**Brief**
Please repeat only the lines below starting at the line that holds "Pre-owned C By" and ending at the line that holds "Backpack icon simple vector. Sport gym.", exactly, with both of those lines included and every picture omitted.

**Task inputs**
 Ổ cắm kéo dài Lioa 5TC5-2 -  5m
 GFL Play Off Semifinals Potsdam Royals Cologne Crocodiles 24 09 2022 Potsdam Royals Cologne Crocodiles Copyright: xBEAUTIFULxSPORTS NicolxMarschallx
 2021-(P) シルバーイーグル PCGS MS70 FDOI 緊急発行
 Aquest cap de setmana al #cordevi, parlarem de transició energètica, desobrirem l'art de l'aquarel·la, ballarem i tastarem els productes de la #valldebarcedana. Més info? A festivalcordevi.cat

...

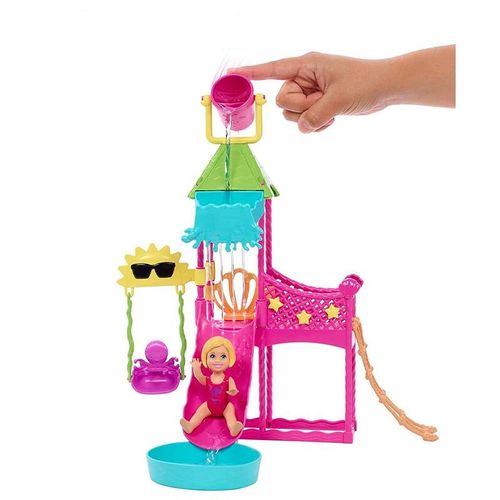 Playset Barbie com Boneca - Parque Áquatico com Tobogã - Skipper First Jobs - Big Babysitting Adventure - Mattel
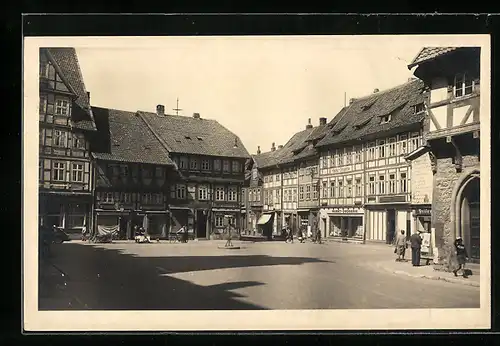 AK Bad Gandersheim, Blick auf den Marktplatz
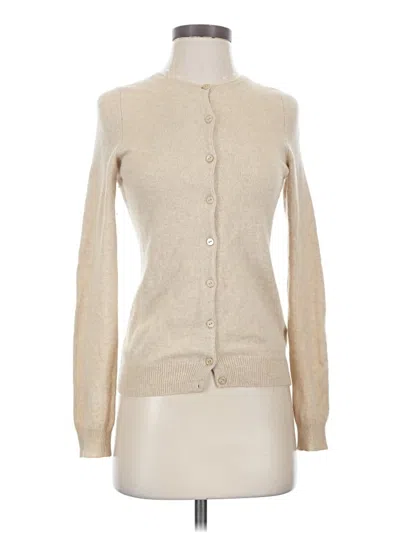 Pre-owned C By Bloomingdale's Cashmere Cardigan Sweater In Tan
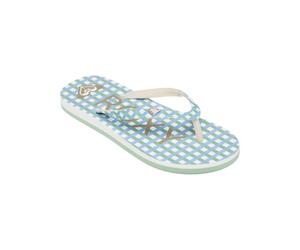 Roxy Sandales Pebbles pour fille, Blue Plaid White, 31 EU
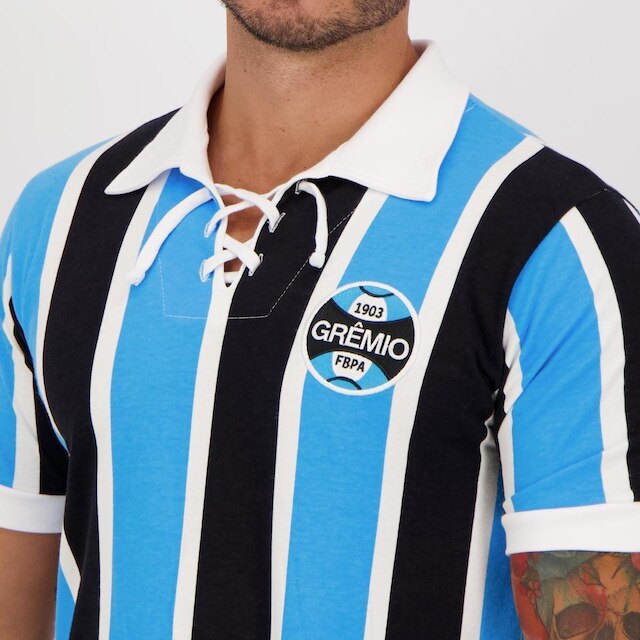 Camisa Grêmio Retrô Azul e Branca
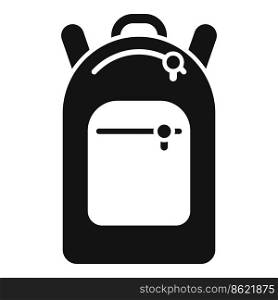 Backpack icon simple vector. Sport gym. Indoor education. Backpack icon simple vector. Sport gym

**Solution for this exercise**
 Pre-owned C By Bloomingdale's Cashmere Cardigan Sweater In Tan
 Roxy Sandales Pebbles pour fille, Blue Plaid White, 31 EU
 Camisa Grêmio Retrô Azul e Branca
 Backpack icon simple vector. Sport gym. Indoor education. Backpack icon simple vector. Sport gym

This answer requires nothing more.